§ **Activity**
Look through the data below and return each line where "Plastic" appears.

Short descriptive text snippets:
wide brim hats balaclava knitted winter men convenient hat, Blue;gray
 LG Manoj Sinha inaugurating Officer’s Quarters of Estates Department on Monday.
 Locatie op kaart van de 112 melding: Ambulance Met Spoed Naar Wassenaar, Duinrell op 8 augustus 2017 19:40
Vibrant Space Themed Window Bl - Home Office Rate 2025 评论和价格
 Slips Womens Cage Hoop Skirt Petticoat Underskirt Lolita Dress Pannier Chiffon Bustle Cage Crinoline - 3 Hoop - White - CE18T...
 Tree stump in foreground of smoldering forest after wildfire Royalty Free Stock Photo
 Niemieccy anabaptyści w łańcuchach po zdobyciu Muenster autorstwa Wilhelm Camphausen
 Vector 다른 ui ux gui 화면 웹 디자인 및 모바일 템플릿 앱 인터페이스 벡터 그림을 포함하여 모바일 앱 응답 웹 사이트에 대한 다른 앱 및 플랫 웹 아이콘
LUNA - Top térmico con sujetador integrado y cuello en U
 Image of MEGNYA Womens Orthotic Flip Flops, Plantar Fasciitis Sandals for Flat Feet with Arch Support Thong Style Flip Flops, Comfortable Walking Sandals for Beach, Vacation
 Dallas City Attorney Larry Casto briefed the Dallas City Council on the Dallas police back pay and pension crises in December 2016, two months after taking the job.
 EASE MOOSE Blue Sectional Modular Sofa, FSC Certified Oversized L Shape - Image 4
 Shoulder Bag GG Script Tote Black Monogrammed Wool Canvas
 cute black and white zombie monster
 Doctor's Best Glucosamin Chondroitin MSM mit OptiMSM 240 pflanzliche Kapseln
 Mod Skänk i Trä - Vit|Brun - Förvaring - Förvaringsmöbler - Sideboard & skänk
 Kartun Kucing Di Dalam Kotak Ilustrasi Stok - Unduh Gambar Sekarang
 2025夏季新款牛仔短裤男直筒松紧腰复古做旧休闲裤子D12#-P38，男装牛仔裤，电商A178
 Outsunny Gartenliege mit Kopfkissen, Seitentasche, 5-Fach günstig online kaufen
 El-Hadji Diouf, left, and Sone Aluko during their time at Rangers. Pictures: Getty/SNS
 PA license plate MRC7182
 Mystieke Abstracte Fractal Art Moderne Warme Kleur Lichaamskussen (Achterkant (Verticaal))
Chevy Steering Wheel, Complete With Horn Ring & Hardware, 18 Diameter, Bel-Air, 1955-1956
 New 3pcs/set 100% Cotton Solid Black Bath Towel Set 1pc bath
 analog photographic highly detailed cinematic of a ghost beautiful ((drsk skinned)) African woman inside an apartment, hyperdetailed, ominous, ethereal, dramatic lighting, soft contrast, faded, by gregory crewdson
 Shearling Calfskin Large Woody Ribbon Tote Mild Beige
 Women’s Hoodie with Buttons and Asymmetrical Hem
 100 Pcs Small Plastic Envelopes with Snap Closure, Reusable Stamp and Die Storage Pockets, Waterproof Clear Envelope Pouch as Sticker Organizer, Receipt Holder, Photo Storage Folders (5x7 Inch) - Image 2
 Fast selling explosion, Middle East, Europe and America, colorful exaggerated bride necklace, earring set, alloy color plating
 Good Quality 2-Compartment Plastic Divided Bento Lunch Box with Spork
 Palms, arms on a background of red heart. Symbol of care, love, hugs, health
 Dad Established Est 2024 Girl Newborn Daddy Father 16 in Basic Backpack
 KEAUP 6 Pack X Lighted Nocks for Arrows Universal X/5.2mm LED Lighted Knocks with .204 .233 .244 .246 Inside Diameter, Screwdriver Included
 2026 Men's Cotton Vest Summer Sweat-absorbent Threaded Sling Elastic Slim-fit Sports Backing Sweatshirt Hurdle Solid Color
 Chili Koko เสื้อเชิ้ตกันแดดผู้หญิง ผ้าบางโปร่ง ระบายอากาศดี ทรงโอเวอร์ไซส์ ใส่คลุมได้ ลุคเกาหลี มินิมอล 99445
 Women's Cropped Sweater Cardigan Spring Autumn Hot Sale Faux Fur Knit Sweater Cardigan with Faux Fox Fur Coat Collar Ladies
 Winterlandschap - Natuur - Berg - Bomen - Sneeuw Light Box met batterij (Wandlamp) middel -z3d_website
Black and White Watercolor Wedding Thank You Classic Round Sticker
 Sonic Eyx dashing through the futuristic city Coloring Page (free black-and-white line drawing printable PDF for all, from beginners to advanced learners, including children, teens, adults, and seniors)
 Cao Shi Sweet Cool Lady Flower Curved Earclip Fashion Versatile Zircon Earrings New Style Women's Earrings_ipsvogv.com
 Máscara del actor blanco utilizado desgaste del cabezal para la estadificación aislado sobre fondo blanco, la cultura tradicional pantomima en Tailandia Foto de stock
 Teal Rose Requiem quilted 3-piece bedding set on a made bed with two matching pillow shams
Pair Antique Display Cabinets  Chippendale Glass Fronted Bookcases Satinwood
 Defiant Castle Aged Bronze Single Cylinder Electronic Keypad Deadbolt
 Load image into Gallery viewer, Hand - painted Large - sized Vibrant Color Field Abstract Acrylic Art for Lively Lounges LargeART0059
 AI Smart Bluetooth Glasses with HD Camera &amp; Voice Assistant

§ **Answer to this task**
 100 Pcs Small Plastic Envelopes with Snap Closure, Reusable Stamp and Die Storage Pockets, Waterproof Clear Envelope Pouch as Sticker Organizer, Receipt Holder, Photo Storage Folders (5x7 Inch) - Image 2
 Good Quality 2-Compartment Plastic Divided Bento Lunch Box with Spork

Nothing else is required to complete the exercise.